Housing just a single on-off button, the Wacom Cintiq 16 looks like an oversized iPad. The 15.6-inch screen is bordered by large bezels where you can rest your hand or, I don’t know, stick post-it notes. The entire device weighs a bit over four pounds. That might sound heavy, but keep in mind the Cintiq 16 is designated for the desk and not as a mobile editing tool, so the weight is a non-issue.
The included Wacom Pro Pen 2 has two customizable buttons, a pen nub at one hand and an eraser on the other, so you can just flip the pen over instead of switching to the eraser tool. The custom buttons make the pen display system faster to work with. In Photoshop, I set mine to control both zoom and the grabber tool, which allowed me to move around the canvas without putting down the pen. If you use the pen in your dominant hand and leave the other near your keyboard, you can combine the pen buttons with keyboard shortcuts for an even more efficient workflow.
The Cintiq 16 is only sensitive to the pen, which means you can lean your hand on the screen without the software responding to your touch. (This does mean no finger painting, however, or gesture controls.) The screen also resists smudges better than the typical laptop display.
And, for anyone who always looses pens (like, ahem, me), the side of the display has a fabric sling to slide the pen into when you’re done. Just remember to use it.
A quick glance at the tech specs will tell you the Wacom Cintiq 16 isn’t a dazzling screen. The resolution is a simple 1,920 x 1,080 Full HD; not bad, but hardly impressive when we have phones with more resolution than that today. It can display 16.7 million colors covering 96 percent of sRGB, but only 72 percent NTSC standards. Between the Cintiq and the 2,800 x 1,800 screen built into my laptop, there’s a noticeable difference in the sharpness of text. The Cintiq is also not as bright.
The anti-glare coating covering the Cintiq’s screen also makes it look a little dull next to the glossy screen of my MacBook, but it cuts down on reflections. Sure, my laptop is brighter with higher resolution, but the Wacom was more effective at battling glare, which is often the bigger problem when it comes to photo editing. Even using an overhead desk lamp, the Wacom Cintiq looked good — it’s not entirely glare-free, but what the anti-glare coating couldn’t block was solved by simply adjusting the position of the display.
While the lower screen specs are noticeable side-by side with a second screen, the lower resolution didn’t seem to get in the way of editing. Even with the smaller details, zooming in with a quick button shortcut on the pen was sufficient enough for making seamless edits that blend in with the surroundings. The lack of resolution is most noticeable with text, so it may be a consideration for graphic designers and other users frequently working with text on the canvas.
The Wacom Cintiq 16 is not be the company’s best display, but with identical response time and pressure sensitivity as the 16-inch Pro version, Wacom kept what matters most intact.

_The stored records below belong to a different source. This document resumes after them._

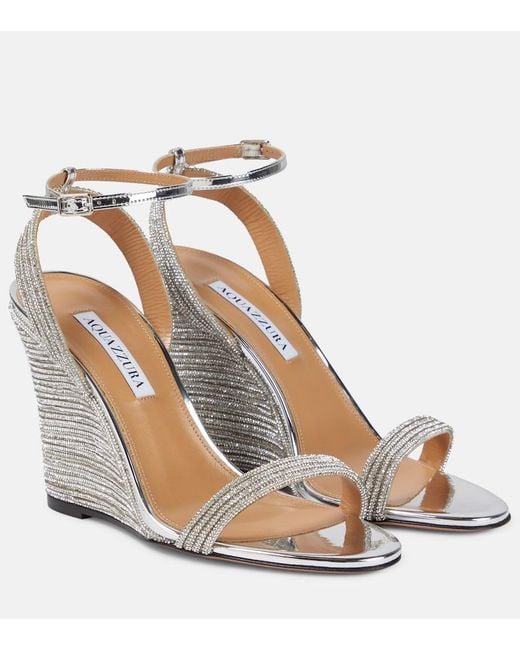 Aquazzura Metallic Wow Crystal 95 Wedge Sandals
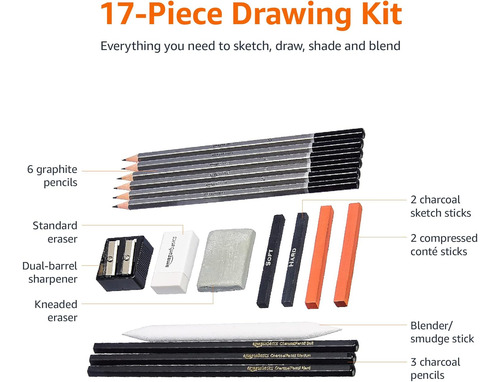 Kit De Lápices Artísticos Amazon Basics Para Bocetos Y Dibuj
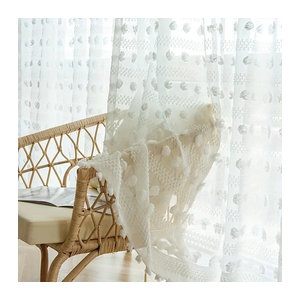 Weißer Tüll-Vorhang mit 3D-Pompom-Stickerei und Streifen-Design, Vintage Voile-Fensterdekoration für dein Wohnzimmer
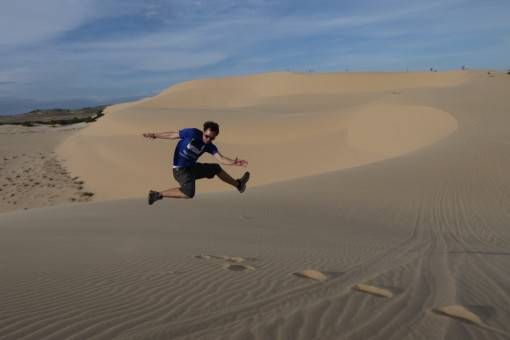 Jumping Shot! Andrew on White Sand Dunes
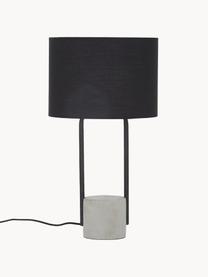 Große Tischlampe Pipero mit Betonfuß, Lampenschirm: Textil, Lampenfuß: Metall, pulverbeschichtet, Schwarz, Grau, Ø 28 x H 51 cm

The pen and eraser have 8,192 levels of pressure sensitivity with a 60 degree tilt range, making it feel incredibly natural to use.
Your photos will look better on the Cintiq Pro’s 4K screen, but the cheaper Cintiq 16 ultimately gives you the same end result.

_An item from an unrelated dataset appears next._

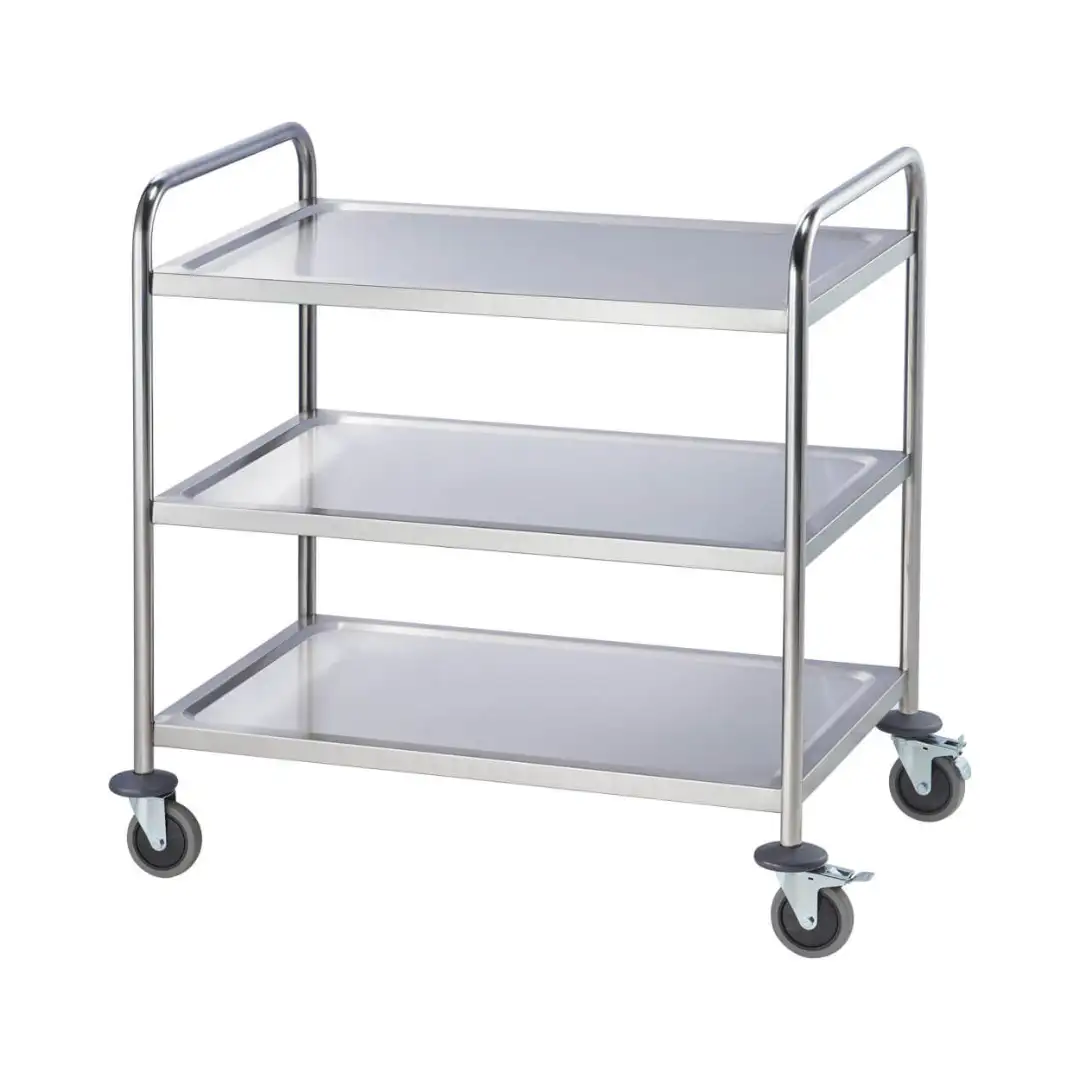 Тележка для официанта из нержавеющей стали, 3 полки.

With a pressure-sensitive Photoshop brush, the size of the brush adapts to the pressure on the pen, as well as how well the brush blends with the surroundings. A light touch creates a thin line, while a firmer touch will allow the brush to reach its full size, whatever size you selected in Photoshop. Using pressure to alter brush size makes quick work of adjustments that would otherwise require either lots of back-and-forth mouse maneuvers between the image and the brush settings, or between the mouse and keyboard shortcuts.
The eraser works similarly — when using a pressure-sensitive Photoshop eraser brush, more pressure on the brush will erase larger areas. The ability to simply flip the pen over and erase rather than swapping tools is a big plus.
The Wacom pen doesn’t override the software’s own settings — so while you can use a brush with “pressure” in the name to control brush size with pressure, you can also use a hard brush to restrict the brush to a set size instead of responding by pressure. Using brush parameters, you can control how you want the brush to respond to the pen. Other brushes, like the watercolor brush, for example, will increase or decrease the flow with the pen’s pressure to lighten or darken the color.
The pen’s sensitivity made quick work of removing graffiti and flyaway hairs, all with the same brush, using pressure to determine the actual brush size. Individual strands of hair are often among the toughest to remove, but using the pen with the healing brush tool made the touch-up surprisingly easy. I was surprised that removing both wind-blown hairs and a few dozen graffiti marks from an image only took five minutes.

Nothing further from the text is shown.